L'histoire, dit Cicéron, est le témoin des temps, la lumière de la vérité, l'école de la vie'. La raison de l'homme, trop lente dans ses progrès, a besoin d'un guide sûr et éclairé qui hâte sa marche tardive. L'histoire remplit auprès de lui cette fonction importante c'est elle qui le prend, pour ainsi dire, par la main, dès sa première enfance, qui assure tous ses pas, et prévient par ses conseils les écarts de la faiblesse et de l'inexpérience; c'est elle qui recueille et transmet d'âge en âge cette nuée de témoins dont l'accord entraîne la conviction.

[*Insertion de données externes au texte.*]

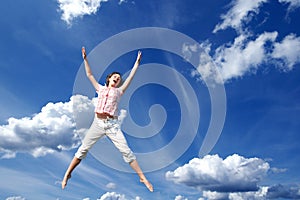 Young girl jumping in sky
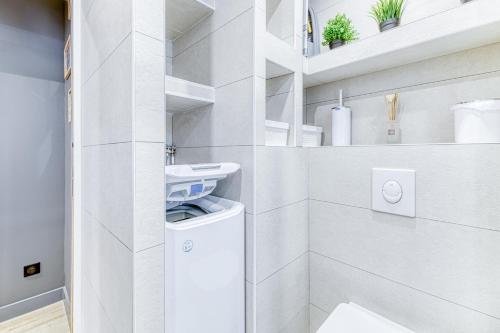a white laundry room with a washer and dryer at Homency - Résidence Ménandière F5 in L'Alpe-d'Huez
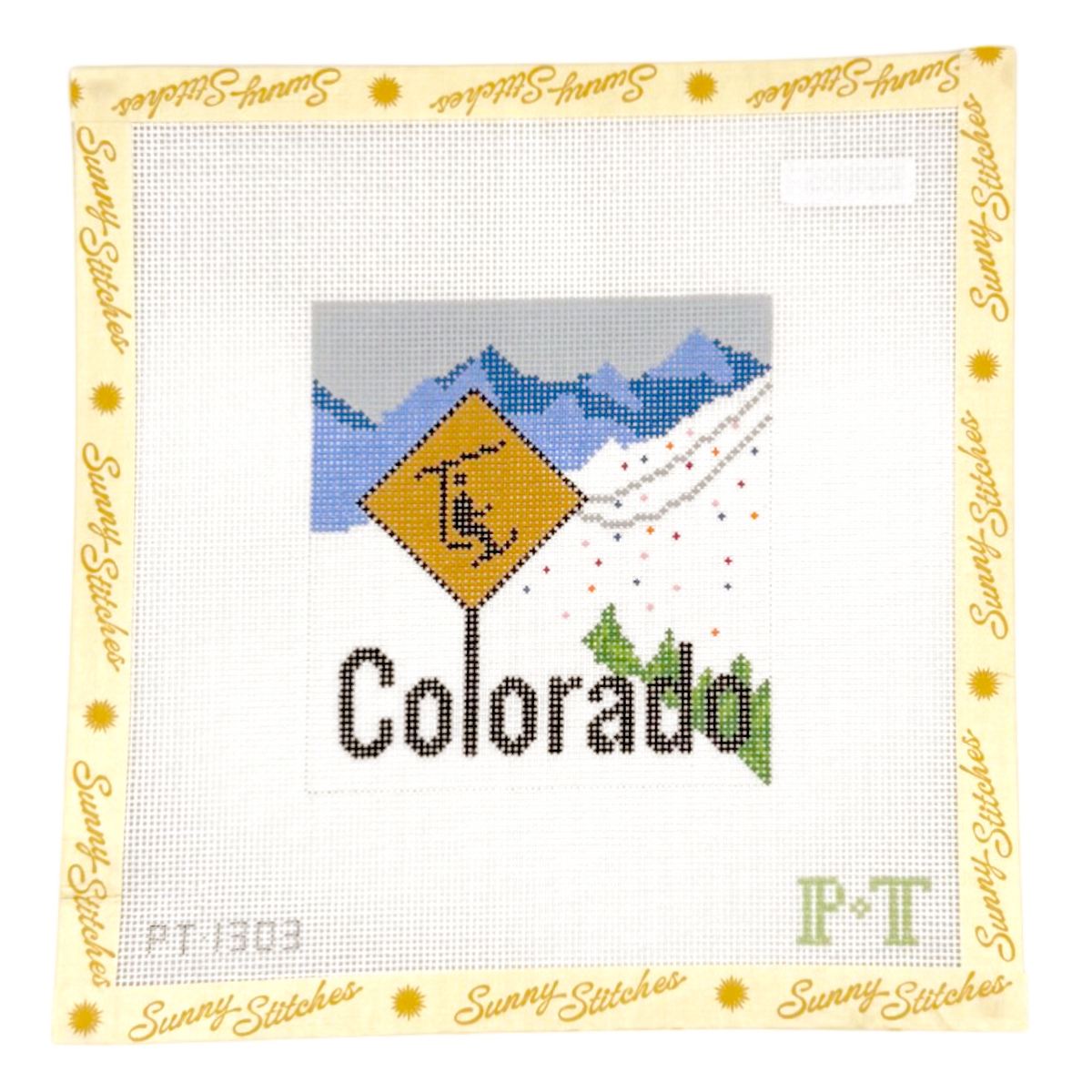 A square cross-stitch pattern from Sunny Stitches featuring a Colorado mountain design with a ski sign. The design includes a yellow diamond-shaped road sign with a horse, blue and gray mountains, green pine trees, and the word 'Colorado' stitched below.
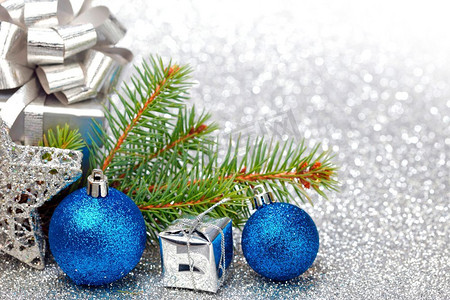 圣诞节冷杉树枝和装饰在银闪光背景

L'esprit se rend sans peine à une autorité qui ne le soumet qu'en l'éclairant. Les succès de la prudence et de la sagesse, les revers de l'imprévoyance et de la folie, forment une double leçon qu'il est forcé d'entendre; elle détruit les illusions et les chimères dont se sont bercés, dans tous les temps, des politiques ignorants ou perfides, à qui le dégoût de leur état présent, l'idée d'une perfection imaginaire, le désir funeste de la célébrité, inspirèrent l'amour des nouveautés. De là est née cette opinion, inconnue à la sagesse de nos pères, que les empires et les états sont nécessairement soumis aux mêmes périodes d'accroissement et de destruction que les corps naturels; que, comme ceux-ci, après être parvenus à la maturité de leur puissance, ils vieillissent, ils s'altèrent, et tombent enfin dans une entière dissolution, à moins qu'en leur donnant une constitution différente on ne les rappelle, en quelque sorte, à la vie, pour recommencer une nouvelle carrière de gloire et de bonheur. Cette opinion n'a d'autre base qu'une prétendue analogie dont rien ne prouve les rapports. Les corps naturels portent en eux-mêmes un principe nécessaire de dépérissement, qui, les attaquant dès leur naissance, les mine sourdement chaque jour, et les conduit plus ou moins lentement à la mort ; c'est la loi de leur création : les corps politiques, au contraire, ouvrage des institutions humaines, sont fondés sur des rapports moraux dans lesquels rien n'atteste l'existence de cette prétendue cause de leur dissolution.

L'expérience, dira-t-on, vient cependant à l'appui de cette opinion; on a vu tous les empires, lorsqu'ils brillaient au plus haut point de leur grandeur et de leur gloire, tendre rapidement vers leur chute. Il est vrai que les fondements sur lesquels posent leur

1 De Orat. lib. 11, cap. IX.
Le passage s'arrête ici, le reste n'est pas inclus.